The pre-salt Libra discovery, incidentally, in 2010 was brought online a year ago with recoverable reserves are pegged on the order of 15 billion barrels.
“Currently,” he said, “there are 19 companies approved to bid on these assets, out of 34 who have applied, and new blocks are being added, including nine in the Campos Basin.”
Brazil has also seen some the largest purchases of discoveries by the world’s major oil companies, including purchases by Equinor, Petrobras, and Exxon.
Outside of Brazil and Guyana, Uruguay and Peru look to have what Lidsky calls “some quite interesting exploration areas coming available.” What also makes these two countries attractive is that they both have strong and stable fiscal regimes.
More recently, offshore Guyana, Exxon, which made its first discovery on the Liza oilfield in 2015, recently increased its recoverable reserves to over 5 billion barrels of oil equivalent and is targeting 750,000 BOE per day by 2025 from at least five floating production and offloading vessels.
Faster, Cheaper, Better
Across the globe, Lidsky sees the overall effects of technology on exploration, obviously, but also its imprint on the methodology that gets us there.
“Over the past decade, the continuum of advancements in data processing (particularly seismic processing and imaging) combined with other technological and engineering advancements have lowered both the cost and timeframe from discovery to production which opens up many more opportunities around the world,” he said.
Additionally, the industry has shortened the cycle time from discovery to first gas or first oil. Lidsky gives as an example the floating LNG facilities which allow for cycle times to first gas of less than 10 years.
“On the oil side, an example of fast track development is the 3 billion barrel Jubilee field, offshore Ghana which was discovered in 2007 by Kosmos Energy and reached first production in 2010,” he said.
The Politics of Deepwater
Politics, of course, plays a role in any exploration, but at the moment it seems that all political attention is offshore.
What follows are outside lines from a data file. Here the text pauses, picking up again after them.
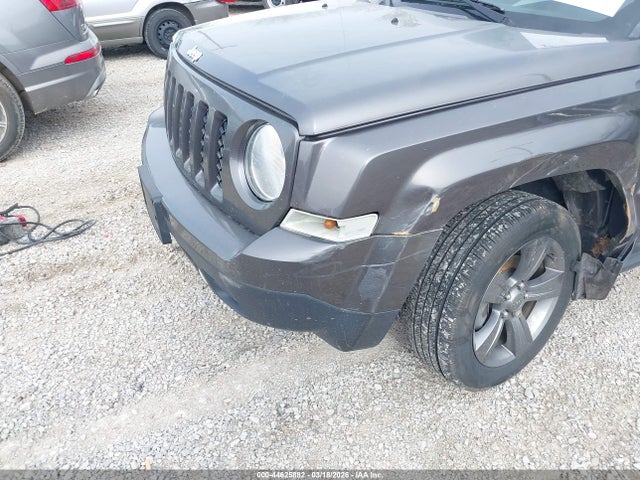 Jeep Patriot High Altitude Edition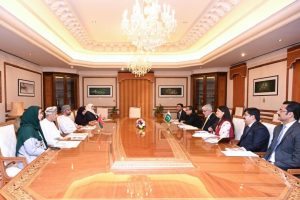 Official talks held between the Ministry of Foreign Affairs of the Sultanate of Oman and the Ministry of Foreign Affairs of Pakistan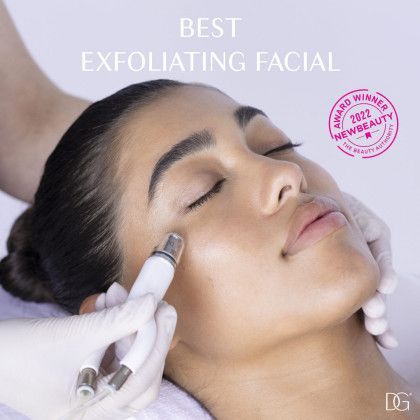 exfoliating facial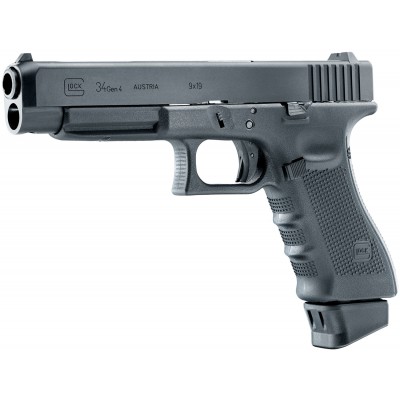 Пистолет страйкбольный Umarex Glock 34 Gen4 Deluxe кал. 6 мм
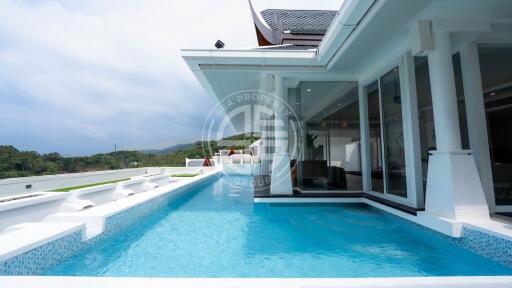 5 Bedrooms Luxury Pool Villas with Stunning Seaview in Surin area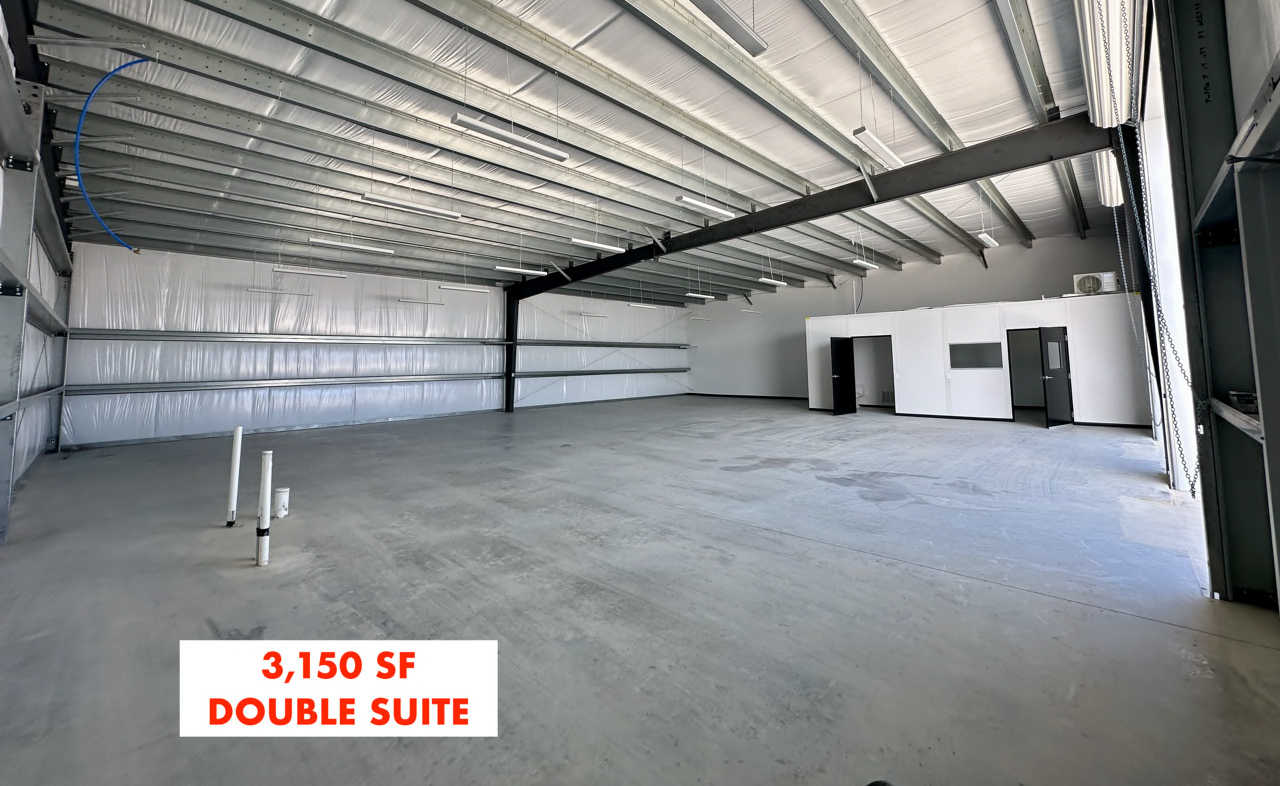 3,150 sf double 3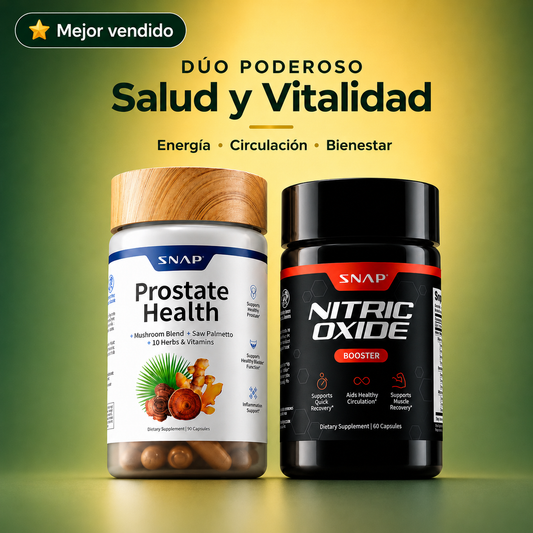 Prostate Health + Nitric Oxide Combo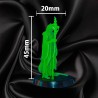 Homme-Lézard Sorcier Mage #3 32 mm | GG 3D Print N Design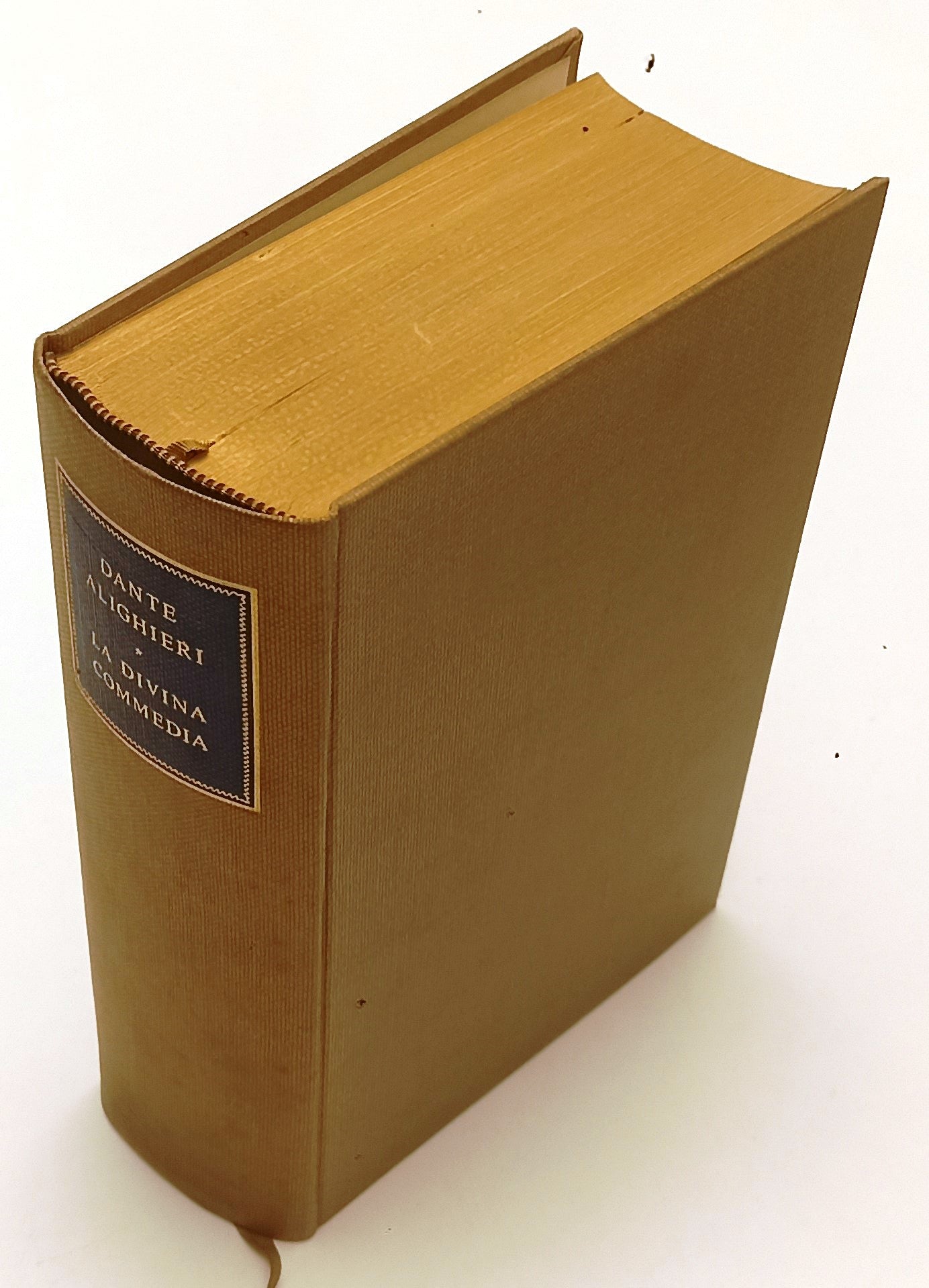 LN- LA DIVINA COMMEDIA- DANTE ALIGHIERI- RICCIARDI- LETTERATURA- 1957- C- XFS116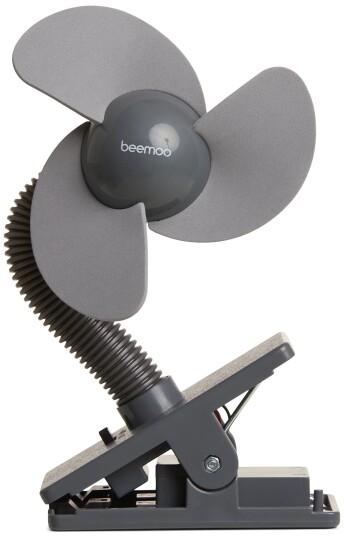 Beemoo Soft Blade Barnevognvifte Grå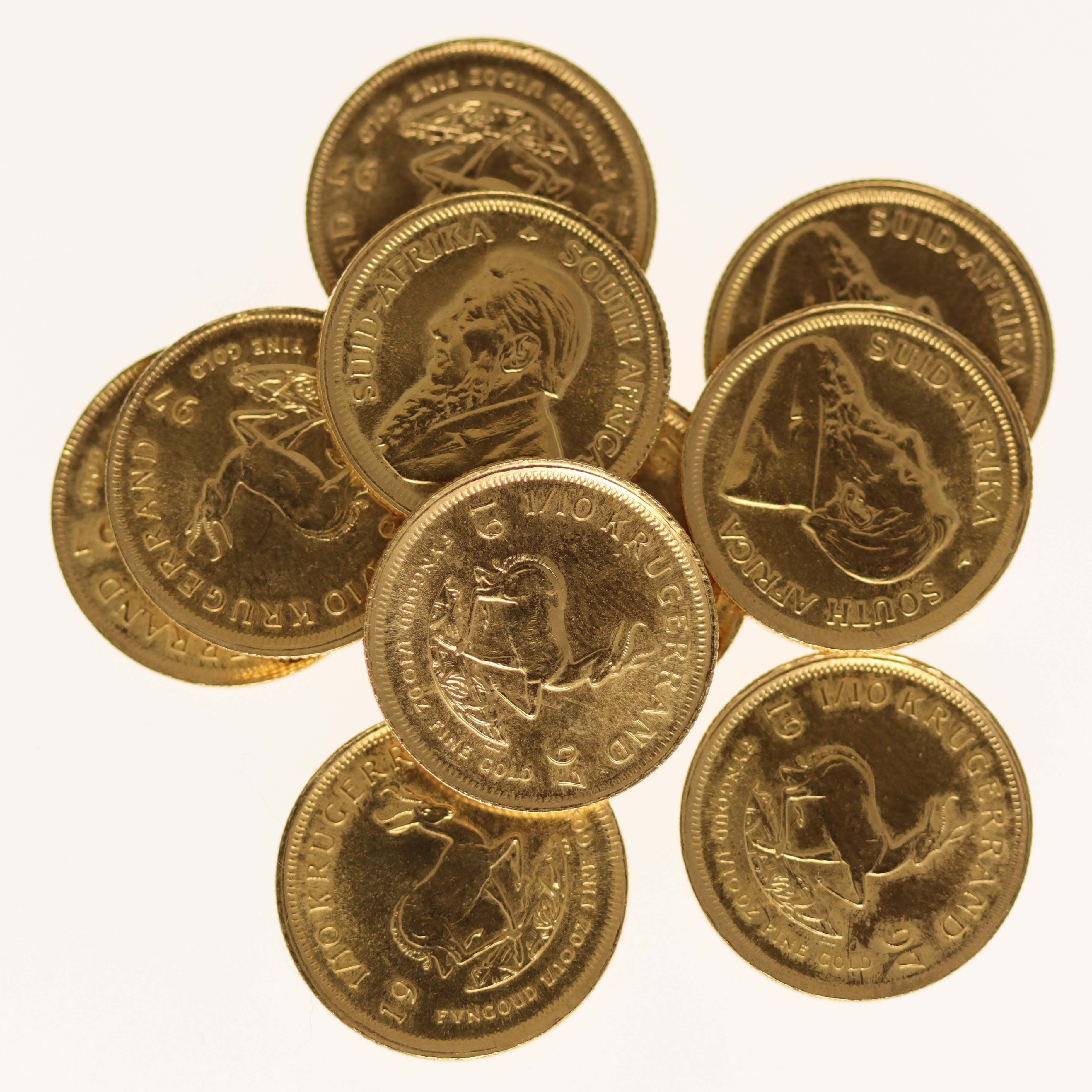 Südafrika Krügerrand 1/10 Unze 1997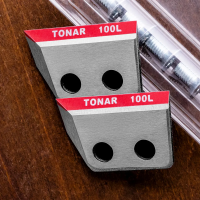 Ножи для ледобура ТОНАР ЛР-100 левое вращение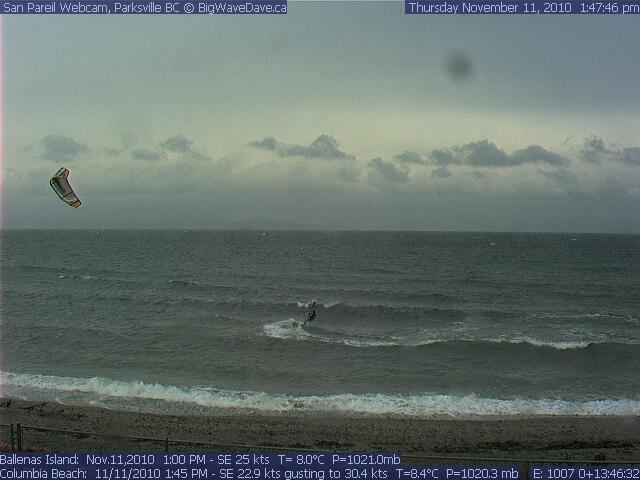 Lone kiter gets a nice set at SP!
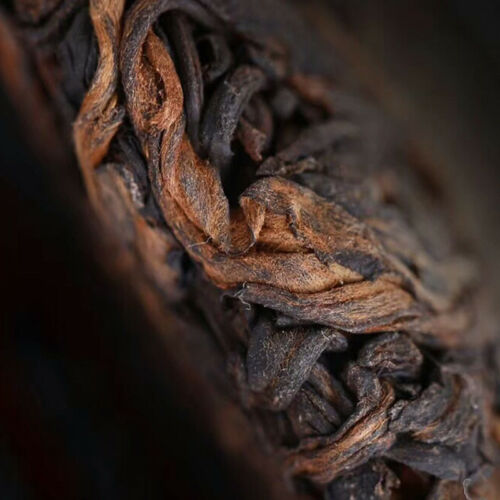 Yunnan Haiwan Old Comrade 9978 Pu'er Tea Cooked 357g 2019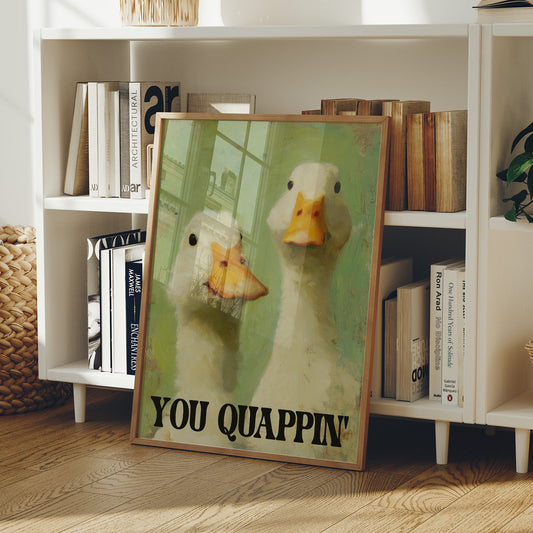You Quappin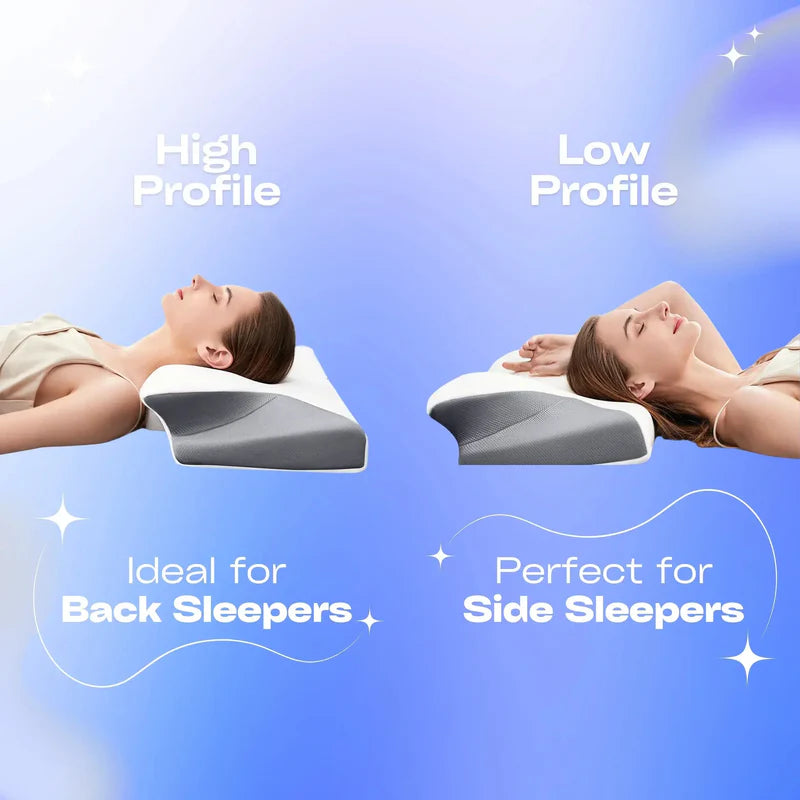 TRALUS Cervical Pillow - Finally Wake Up Without Neck Pain
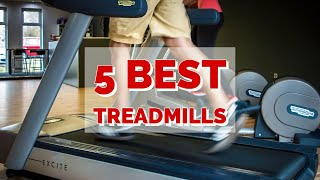 Top 5 BEST Treadmills for home use in 2021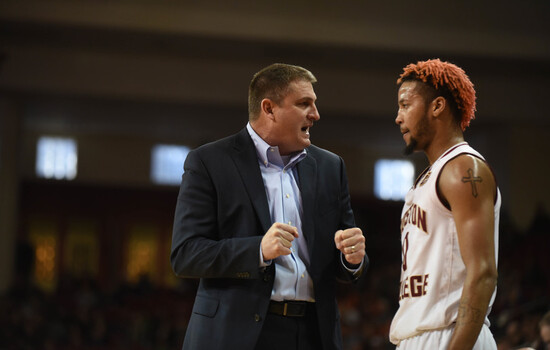 Ky Bowman spurned college football offers to play basketball at Boston College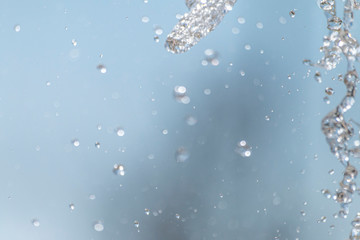 Wall Mural - Water,water splash isolated on white background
“We are seeing more, not less, countries opening up their offshore waters to exploration,” Lidsky said, which means the socio-economic-political environmental constraints are becoming all the more important to today’s explorationists.
“Deepwater exploration targets are multibillion dollar and multidecade long projects. Any snafus in the above-ground risk environment have long-term implications – not the least of which is any recent history of expropriation of assets. Countries with a long history of stable fiscal regimes are much more competitive in drawing the exploration dollars of the world,” he explained.
In 2017 (excluding the United States) there were 146 deepwater blocks awarded across the globe. Regionally, western Europe led the list with 50, followed by west Africa (18), Australasia (16) and Mexico (12).
In 2018 the number has jumped to 378 due largely to a successful bidding round in Norway that let 182 blocks with the Barents Sea taking the largest share of this with 39 blocks. Looking out to 2020, there are 605 deepwater blocks planned to be offered (excluding Faroe Islands, Mexico and United States).
Lidsky said, comparing the availability of licensing today in all regions of the world, compared to previous times, while the factors may have stayed the same, the stakes are higher.
This is complex, difficult and volatile thing to measure and Lidsky said his company, Drillinginfo, “Maintains a global network of scouts and industry professionals who continuously monitor and gather activity from countries and companies.”
“In the global explorationists’s eyes, attractive countries certainly include the United States, Norway, Brazil, Australia and certain areas in Africa,” he said. “Frontier exploration certainly follows infrastructure, so countries with a long history of E&P with frontier opportunities will certainly rank towards the top of the list.”